Né à Ixelles, ce comédien formé entre autres à l’école du cirque et fils d’un prof à l’Ecole d’infirmières de l’ULB doit sa destinée belge à un arrière-grand-père venu chez nous il y a un siècle pour fabriquer des fruits confits. “Quand j’ai lu le scénario de ce film, je me suis dit qu’il ne pouvait pas se faire sans moi. Pourquoi ? Parce que, pour une fois, on fuyait tous les clichés habituels. Non, en Corse, on ne fait pas que du jet ski l’été, sur des plages dorées. Cette région magique, c’est aussi la montagne et des habitants qui peuvent tout vous donner à partir du moment où vous vous intéressez à eux. La vision du film est tellement juste que j’ai m ême été étonné des origines du réalisateur !” Dans “Au cul du loup”, François Vincentelli, la barbe grisonnante, prend un petit coup de vieux.

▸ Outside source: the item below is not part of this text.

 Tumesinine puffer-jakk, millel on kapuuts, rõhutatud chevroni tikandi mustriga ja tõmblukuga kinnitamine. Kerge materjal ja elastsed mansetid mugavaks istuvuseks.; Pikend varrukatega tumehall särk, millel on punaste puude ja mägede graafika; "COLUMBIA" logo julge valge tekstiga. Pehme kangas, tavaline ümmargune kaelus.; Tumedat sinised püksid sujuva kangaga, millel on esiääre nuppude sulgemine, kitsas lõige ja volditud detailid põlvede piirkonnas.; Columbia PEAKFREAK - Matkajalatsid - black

De quoi sans doute satisfaire un acteur qui, à ses débuts en France, était régulièrement recalé dans les castings pour son physique proche du mannequinat. “J’ai dû aussi refuser beaucoup de rôles à cause de ça, parce qu’on voulait juste voir ma gueule. Or moi, au cinéma, il n’y a que le côté artistique qui m’intéresse.” Pas forcément agréable pour quelqu’un qui vénérait ces grands acteurs bourrus au cœur tendre, type Lino Ventura ou Gérard Lanvin. “Mais là, vu qu’apparemment je commence à paraître moins lisse, on commence à me proposer des choses plus intéressantes. C’est vrai qu’après tout, des gens comme Jean-Pierre Marielle ou François Berléand ont eu leurs rôles les plus intéressants sur le tard. Alors, pourquoi pas!”

 

AU CUL DU LOUP SORT LE 25 JANVIER
Après “Dormir au chaud” (2006) et “Dernier voyage” (2007), deux courts métrages, les cinéphiles attendaient avec impatience le premier long métrage de Pierre Duculot. Entre paysages sombres de Charleroi et ceux envoûtants de la montagne Corse, le film évoque le destin de Christina, une jeune femme qui hérite d’une maison en Corse à la suite du décès de sa grand-mère. Elle voit en cette bâtisse la possibilité de vivre une autre vie, au grand dam de tous ses proches. Un pari improbable, une intrigue d’apparence simple et des silences bien dosés, le film suggère en filigrane une quête initiatique nous interrogeant sur la question du bonheur. Sincère et cohérent, le film vaut aussi pour l’atypisme de son casting, où Christelle Cornil (Magritte du meilleur second rôle pour “Illégal”) jouit d’un premier rôle d’envergure, face à Vincentelli donc, mais aussi face à Jean-Jacques Rausin – un Bruxellois qui monte -, Marie Kremer, Roberto d’Orazio et William Dunker. Sortie en Belgique et à Bruxelles (Vendôme) ce mercredi 25 janvier. www.auculduloup.be



D.H.

CV Express
1971.
Il naît le 3 juillet à Bruxelles, date de la mort de Jim Morrison.
1992.
Joue dans “Maigret chez les Flamands”.
1996.
Part s’installer à Paris.
2003.
Joue dans “Frank Riva”, aux côtés d’Alain Delon.
2005.
Premier grand rôle dans “Bunker Paradise”, de Stefan Liberski.
2008.
Il reprend le rôle de Thierry Neuvic dans la saison 2 de “Clara Sheller”
2011/12.
Au théâtre dans “Quadrille”, avec François Berléand. A la télé dans la série “Hard”. Au cinéma dans “Au cul du loup” et “Un bonheur n’arrive jamais seul”.